» **Task directions**
A faithful copy is required. Print each line of the data exactly and omit the pictures.
◇ ◇ ◇ ◇
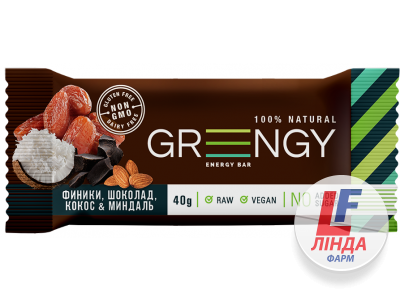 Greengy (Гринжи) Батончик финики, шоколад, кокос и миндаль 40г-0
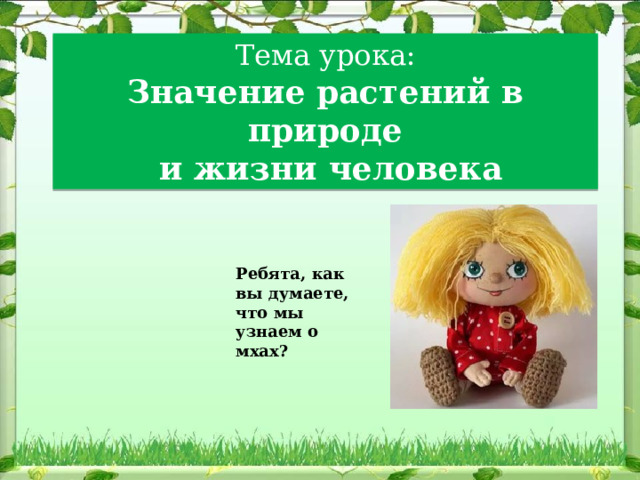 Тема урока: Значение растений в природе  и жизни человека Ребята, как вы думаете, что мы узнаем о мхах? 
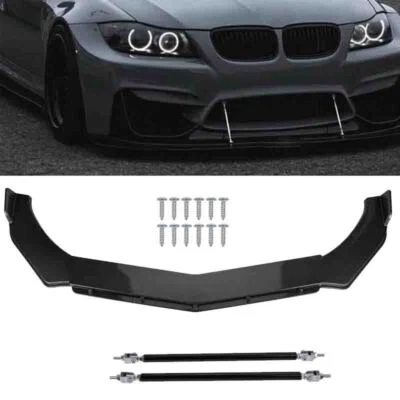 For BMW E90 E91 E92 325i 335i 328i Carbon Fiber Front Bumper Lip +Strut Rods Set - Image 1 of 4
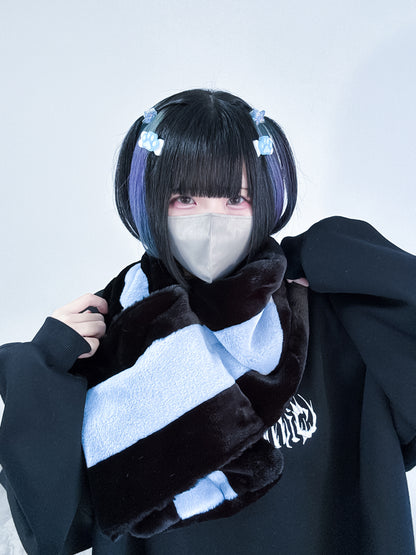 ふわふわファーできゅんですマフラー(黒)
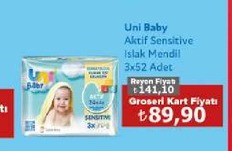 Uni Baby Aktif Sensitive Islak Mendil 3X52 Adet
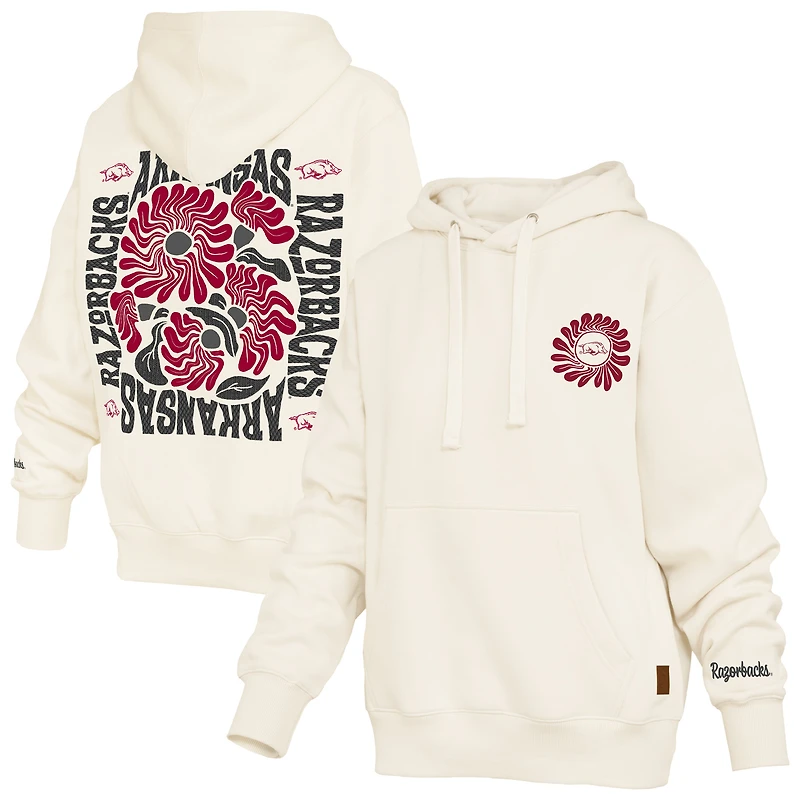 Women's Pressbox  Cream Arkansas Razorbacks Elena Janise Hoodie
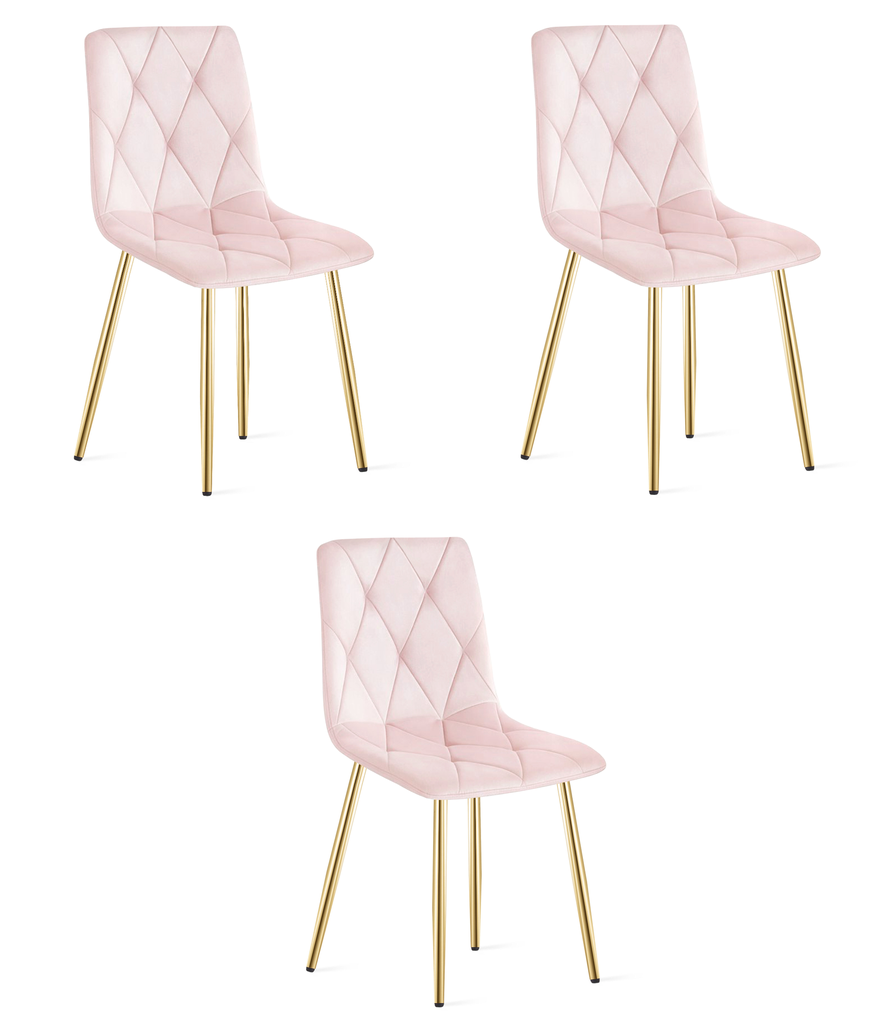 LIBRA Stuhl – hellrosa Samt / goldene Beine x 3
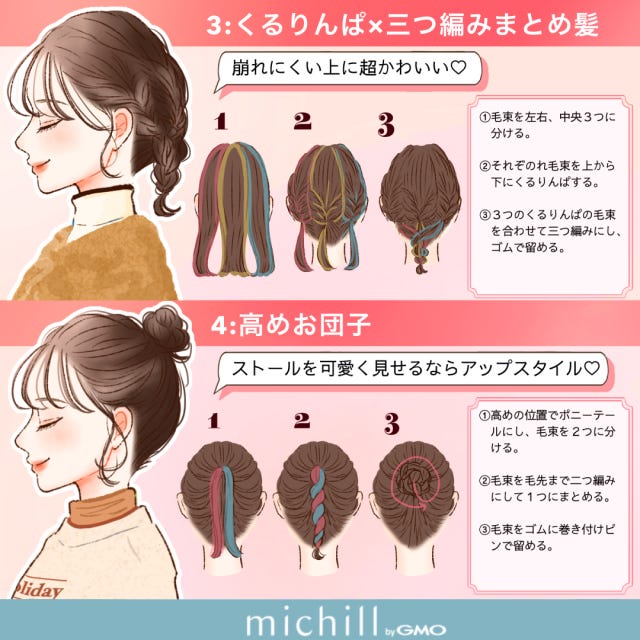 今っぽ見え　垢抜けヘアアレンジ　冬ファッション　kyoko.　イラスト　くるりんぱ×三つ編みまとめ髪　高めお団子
◇ ◇ ◇ ◇
» **Result**
 Greengy (Гринжи) Батончик финики, шоколад, кокос и миндаль 40г-0
 Тема урока: Значение растений в природе  и жизни человека Ребята, как вы думаете, что мы узнаем о мхах? 
 For BMW E90 E91 E92 325i 335i 328i Carbon Fiber Front Bumper Lip +Strut Rods Set - Image 1 of 4
 ふわふわファーできゅんですマフラー(黒)
 Uni Baby Aktif Sensitive Islak Mendil 3X52 Adet
 Women's Pressbox  Cream Arkansas Razorbacks Elena Janise Hoodie
 LIBRA Stuhl – hellrosa Samt / goldene Beine x 3
 今っぽ見え　垢抜けヘアアレンジ　冬ファッション　kyoko.　イラスト　くるりんぱ×三つ編みまとめ髪　高めお団子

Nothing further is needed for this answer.